### [Excerpted data]
····················

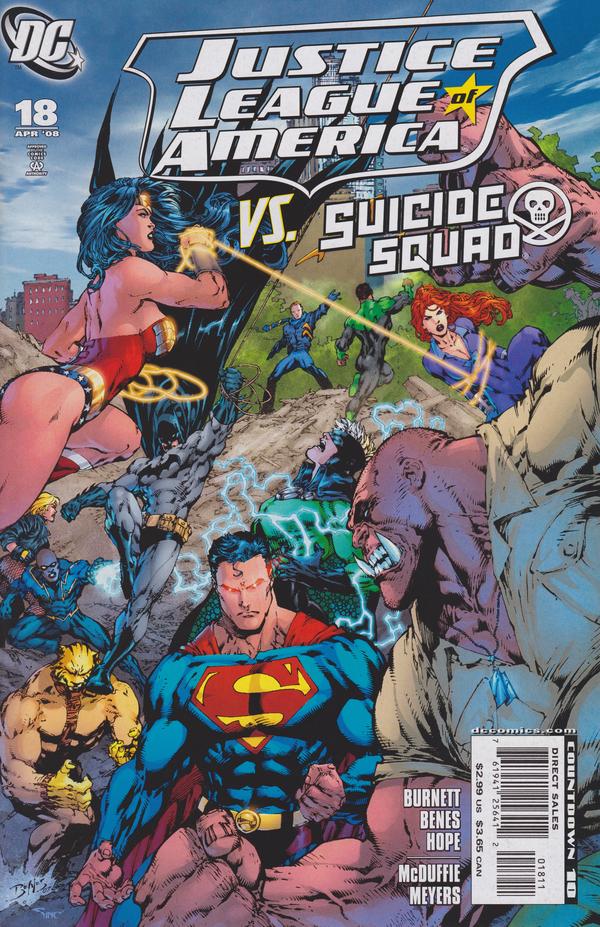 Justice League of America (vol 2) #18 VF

····················

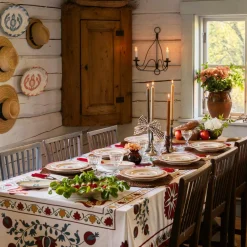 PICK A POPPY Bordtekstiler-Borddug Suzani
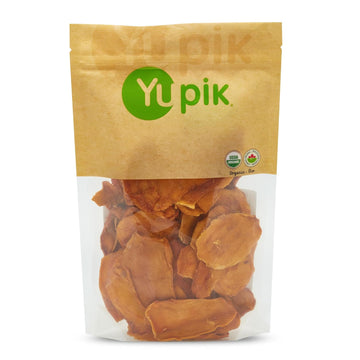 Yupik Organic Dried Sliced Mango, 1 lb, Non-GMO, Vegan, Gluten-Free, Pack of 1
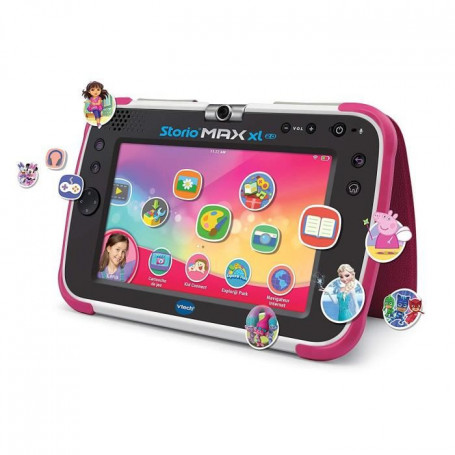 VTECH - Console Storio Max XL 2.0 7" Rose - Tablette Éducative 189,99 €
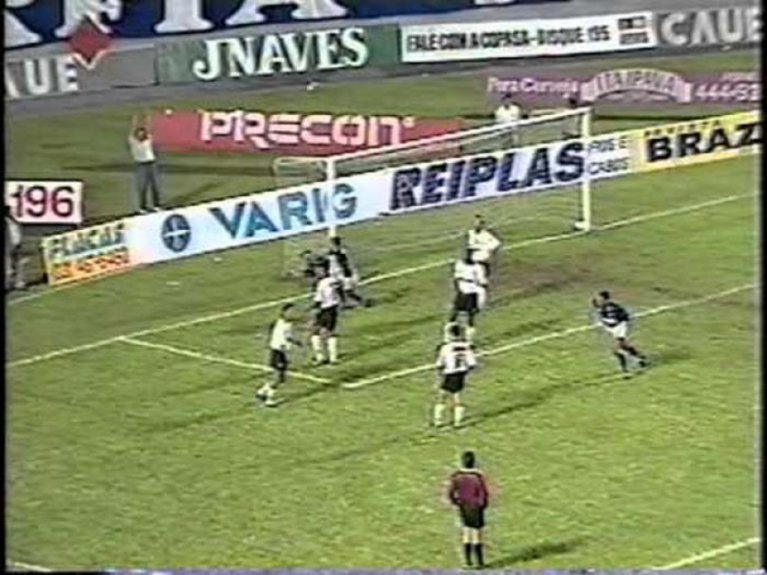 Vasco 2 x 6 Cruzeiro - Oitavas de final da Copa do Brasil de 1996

····················

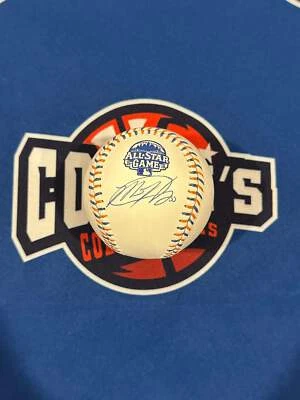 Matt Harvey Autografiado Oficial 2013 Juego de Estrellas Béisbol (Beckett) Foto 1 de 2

····················

Starting with the line that has "Yupik Organic Dried" and going on through the line that has "Vasco 2 x 6", transcribe the records above exactly, but skip the pictures.

 Yupik Organic Dried Sliced Mango, 1 lb, Non-GMO, Vegan, Gluten-Free, Pack of 1
 VTECH - Console Storio Max XL 2.0 7" Rose - Tablette Éducative 189,99 €
 Vasco 2 x 6 Cruzeiro - Oitavas de final da Copa do Brasil de 1996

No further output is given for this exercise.